David Fuller and Eoin Treacy's Comment of the Day
Category - General

    China Abandons Hard Growth Target, Shifts Stimulus Focus to Jobs

    This article from Bloomberg news may be of interest to subscribers. Here is a section:

    With more than $500 billion in infrastructure bonds to be issued this year and more monetary easing on the horizon, China is trying to cement a fragile domestic recovery without indulging in the kind of debt blowouts seen in the U.S. and Europe. The world’s largest exporter is therefore still reliant on other countries reining in the pandemic and on a reboot of global trade.

    “We have not set a specific target for economic growth this year,” Li said, speaking in the Great Hall of the People. “This is because our country will face some factors that are difficult to predict in its development due to the great uncertainty regarding the Covid-19 pandemic and the world economic and trade environment.”

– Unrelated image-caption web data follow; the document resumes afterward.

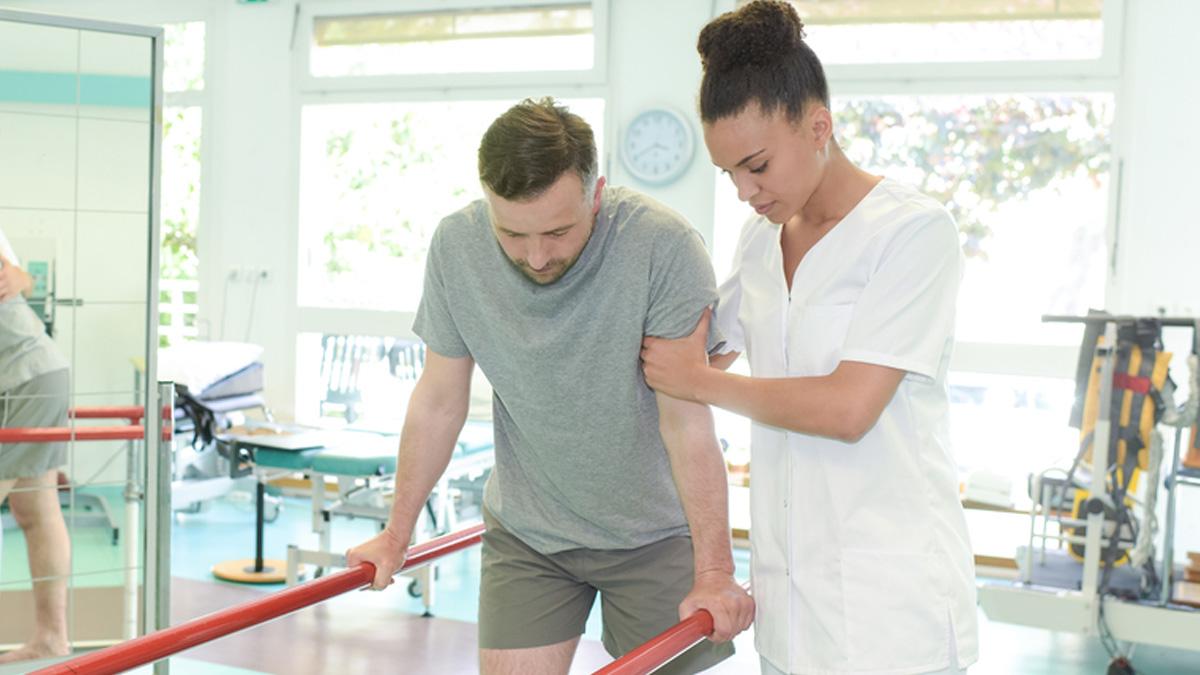 A physio assisting a patient during rehab treatment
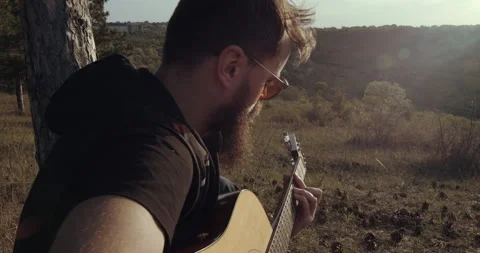 Close up man is playing at the guitar Stock Footage 134574016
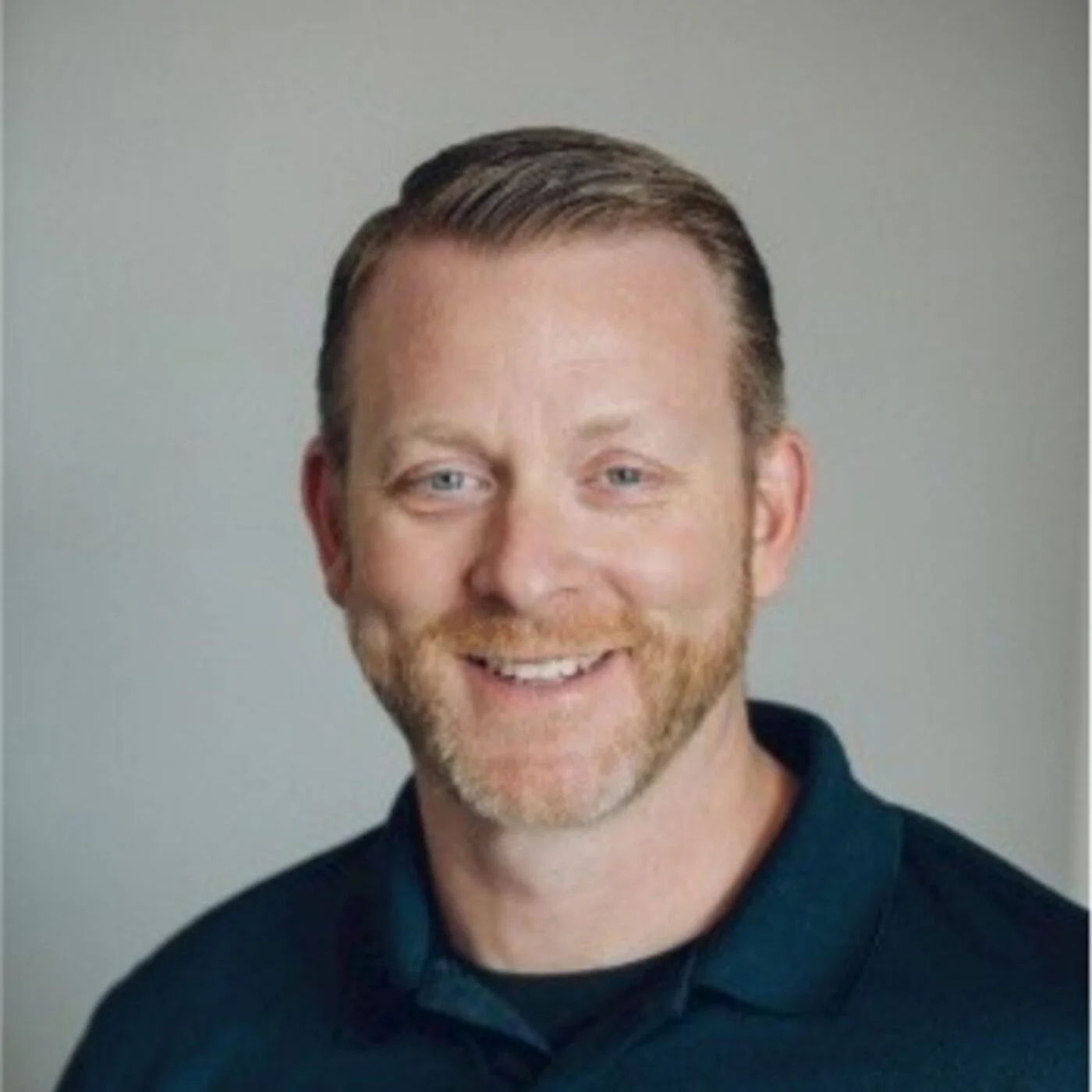 Headshot of a smiling man with short brown hair, light beard, wearing a dark collared shirt, against a plain gray background.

    Shifting away from a hard target for output growth breaks with decades of Communist Party planning habits and is an admission of the deep rupture the pandemic has caused. Economists surveyed by Bloomberg expect China’s economy to expand just 1.8% this year, its worst performance since the 1970s.

    At the same time, Li gave a precise figure for the targeted budget deficit, widening it to more than 3.6% of gross domestic product. Including the issuance of special bonds, that brings a broader measure of the deficit to more than 8%, according to Bloomberg Economics.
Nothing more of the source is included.